Market competition is a problem because globalization and internationalization of markets are posing threat for the survival of small enterprises both at the policy and operational level. With the appearance of new customers, new competitors SMEs have to become more efficient and improve the quality of their products and delivery performance to compete and remain in business (Osaze, 1985).
Small enterprises lack access to modern equipment and access to new materials. (Ikeano, 1985). Olashore (1985) observed that cost compliance is a major constraint facing small enterprises. These relate to time and money needed to learn about and meet government regulations. They increase transaction and the start up cost of small enterprise.

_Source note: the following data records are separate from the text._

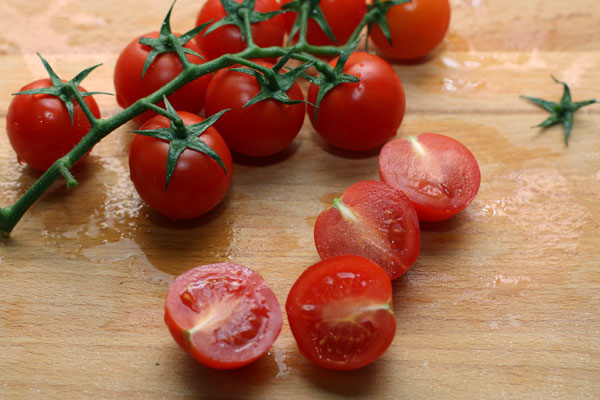Вымытые помидоры черри разрежьте пополам. 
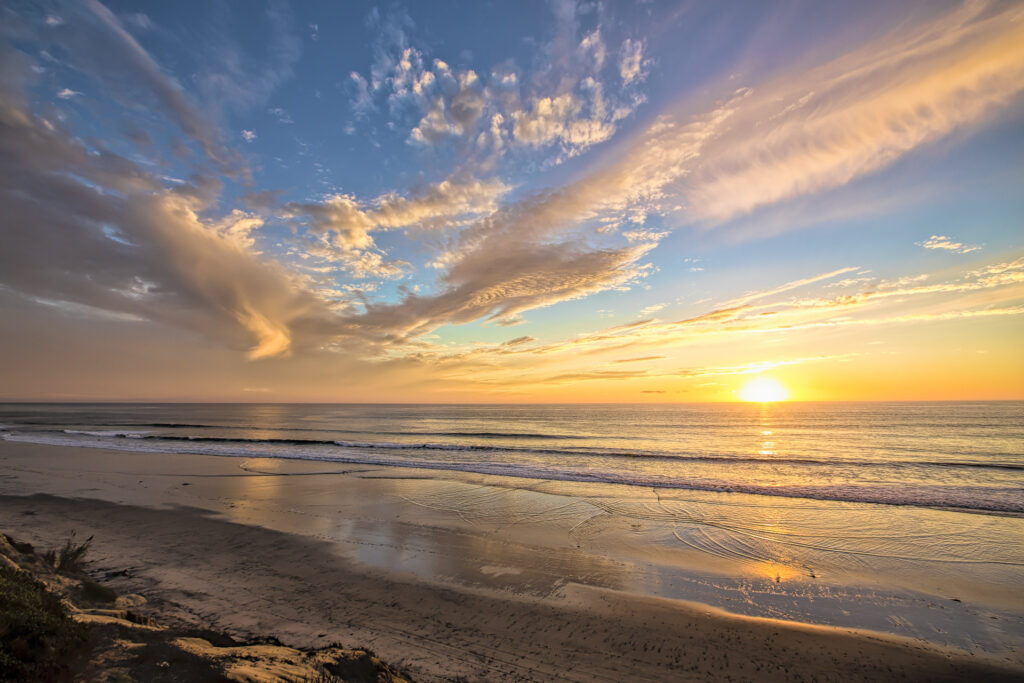 Colorful sunset over a quiet ocean beach with dramatic wispy clouds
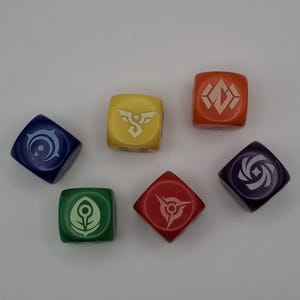 May include: Six colorful dice with unique symbols. The dice are in various colors: blue, yellow, orange, red, green, and purple. Each die features a different white symbol, likely for a game.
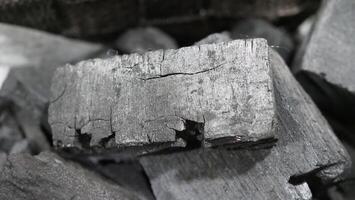 Natural wood charcoal traditional charcoal or hard wood charcoal on wooden table top view. photo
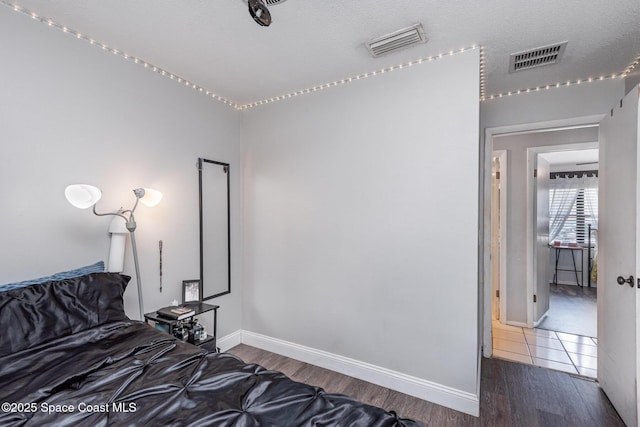 958 Beaumont Ln, Rockledge, FL 32955 - bedroom with wood finished floors and baseboards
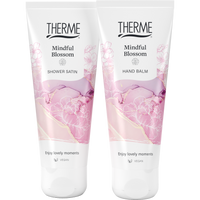 Therme Mindful Blossom Shower Satin douchegel en Hand Balm handcrème in witte tubes met roze bloemendessin. Twee verzorgingsproducten voor een ontspannen momentje voor jezelf.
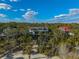 Coastal home nestled amongst palm trees with a beautiful beach setting at 367 Pelican Flight Dr, Dewees Island, SC 29451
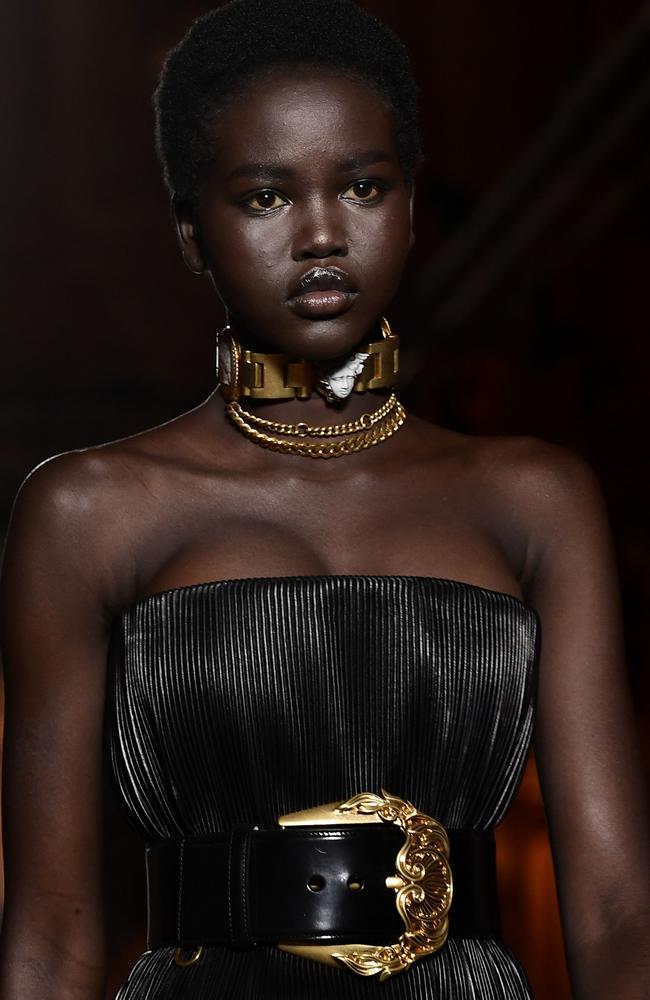 Adut Akech presents a creation by Versace in Milan. Picture: AFP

Lack of inadequate support services is another problem affecting the success of small businesses. Many of the business operators are unaware of the existence of such services and because the enterprises are small, they are not usually the target of such scheme (George, 2006). Lack of relevant skill and knowledge is a constraint on growth and productivity of small businesses. That is why small business operators are being encouraged to undergo training in entrepreneurship to enable them acquire the relevant skills and knowledge needed for the success of their businesses.